▶ **SUPPLIED DATA**
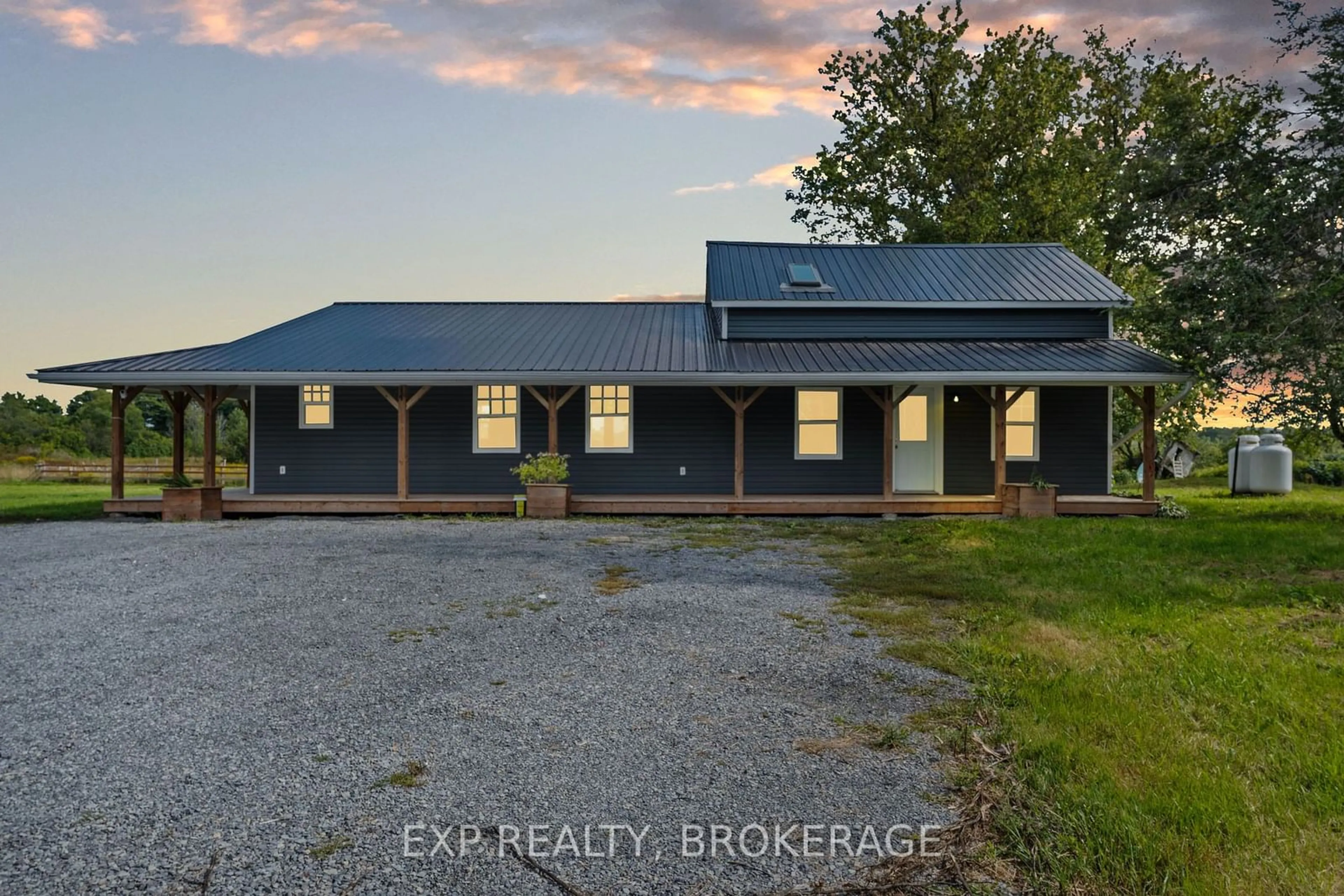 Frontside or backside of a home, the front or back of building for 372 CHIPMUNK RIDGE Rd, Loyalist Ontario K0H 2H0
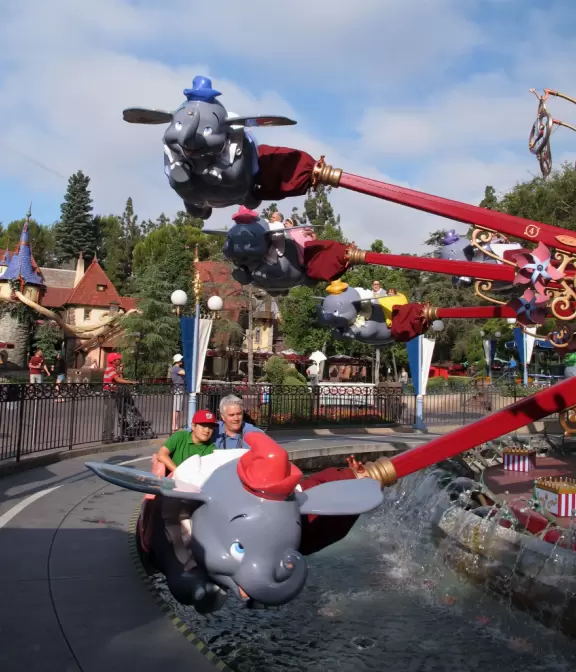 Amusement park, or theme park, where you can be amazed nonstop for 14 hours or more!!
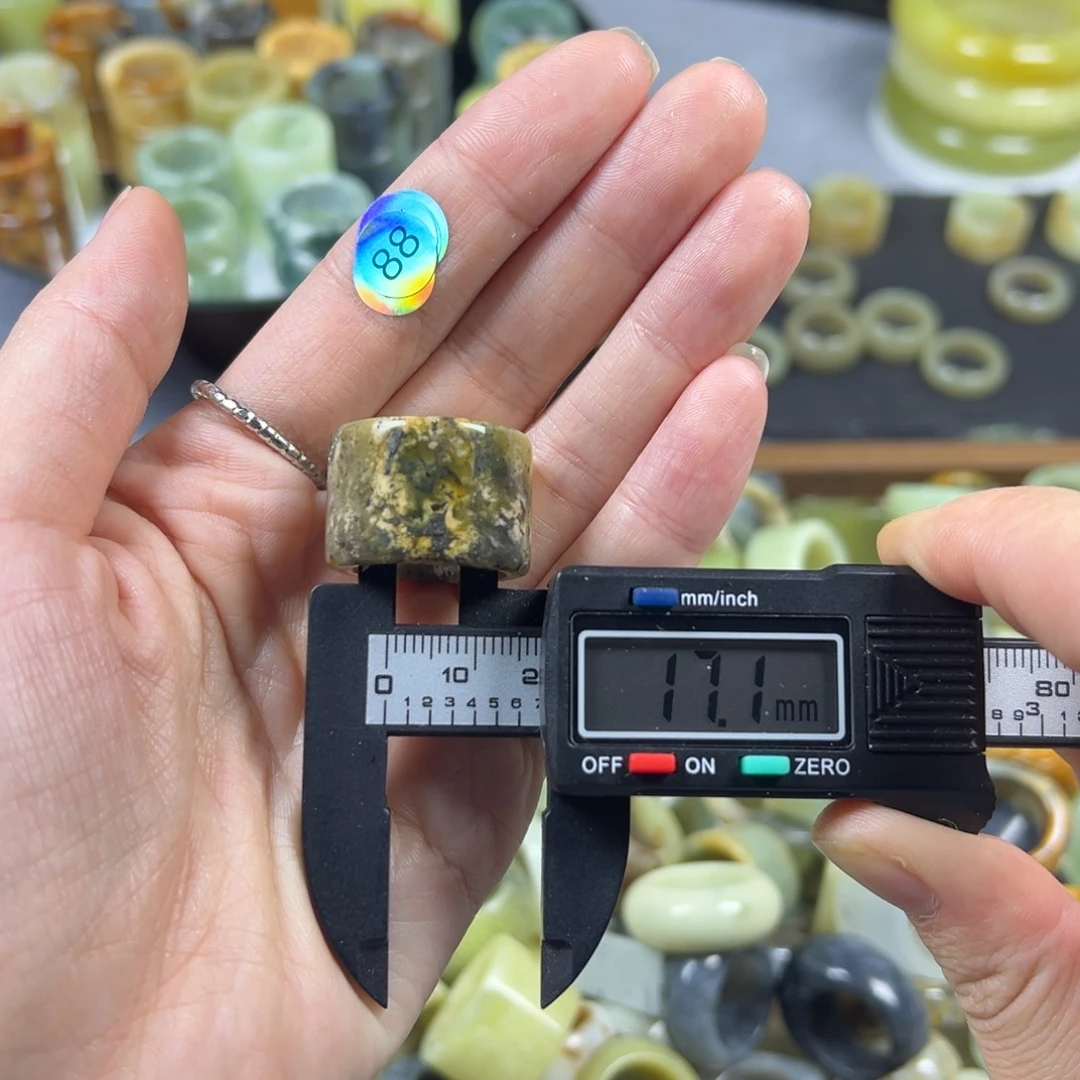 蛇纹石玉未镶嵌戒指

▶ **EXERCISE**
Output exactly, and with no pictures, the lines from the line that holds "Amusement park, or" through the last line of the listing above.

▶ **YOUR RESPONSE**
 Amusement park, or theme park, where you can be amazed nonstop for 14 hours or more!!
 蛇纹石玉未镶嵌戒指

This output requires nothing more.